Ms Elliott said in her speech to open the debate: “If we won 2021 would be the culmination of ten years of preparation. Over these years a revival has begun, a renaissance shaped and powered by culture. We have embedded arts and culture at the core of our economic masterplan and invested heavily both in infrastructure and people’s creativity and talent.
“We’ve done this with the generous help of others – particularly through valued partnerships with Arts Council England and the Heritage Lottery Fund who have bought in to our vision and supported us. If you visit Sunderland now you will see physical regeneration happening on a scale I can’t remember. Sunderland needs 2021 to make sure our resurgence continues, that the next generation can see every reason to stay in the city and no reason to leave.
“Our bid has galvanised and united the city. Businesses, our university, our college, our local housing group, our football club and organisations throughout the city have stood as one with the people of the city in supporting the bid. It’s not lukewarm support, but passionate backing for a project that the people want and the city needs.”
And the MP added that support has also come from our near neighbours: “Our bid has also garnered the support of people from across the North East region. Even the old rivalries between Sunderland and Newcastle have been put to one side, with Newcastle City Council passing a motion in support of our bid. Neither City of Culture nor the European Capital of Culture have been awarded to the North East and it’s time one of them was.”
She said Wearsiders understood the difference a successful bid would make to the city: “We understand that change would be fundamental and long lasting.
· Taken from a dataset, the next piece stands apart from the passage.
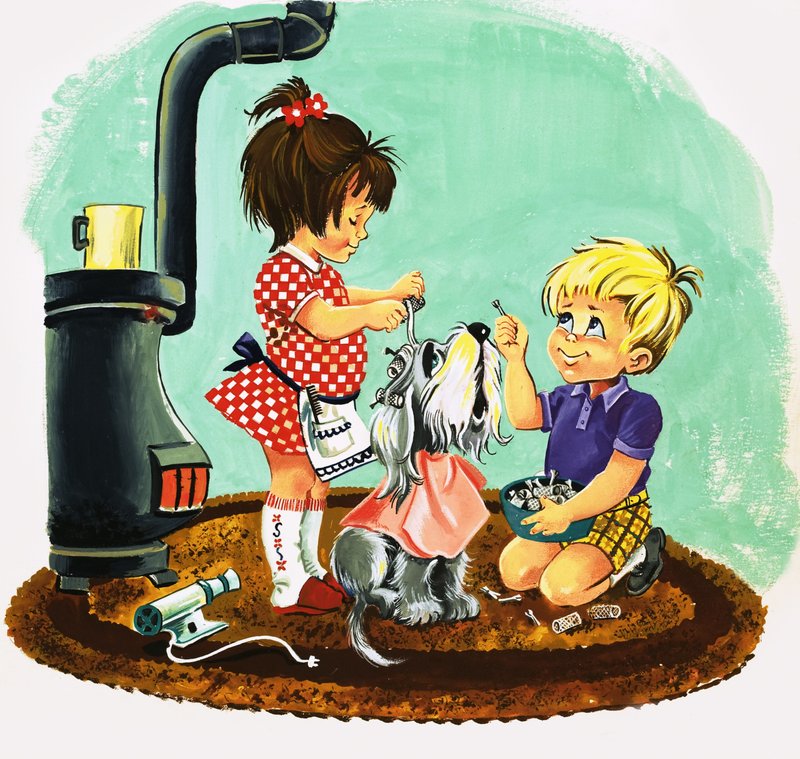 Hond wordt gewassen door English School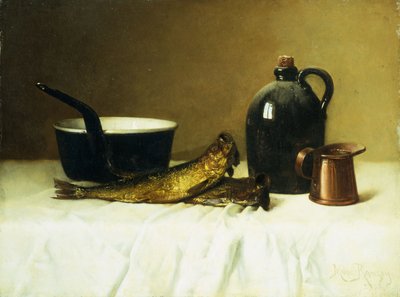 Stilleven met haring, pot, kruik en maat, 1908 door Milne Ramsey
And it’s not just about the huge investment which would follow – Hull forecasts more than £3bn will have flowed into the city thanks to being this year’s City of Culture.
“Attracting an extra 1.6 million of visitors, UK City of Culture would change the way Sunderland is perceived regionally, nationally and internationally. The city that to some has become the symbol of Brexit would once again be seen as the warm, welcoming, modest, hardworking, tolerant, creative and innovative city we know it is.
“Wearsiders also understand how a successful bid would improve our health and well-being and help us become a more cohesive city. After outlining what the 2021 programme of events and activities would look like, Ms Elliott concluded: “I want everyone to know just how special Sunderland is, and more than that what City of Culture status will do for this city.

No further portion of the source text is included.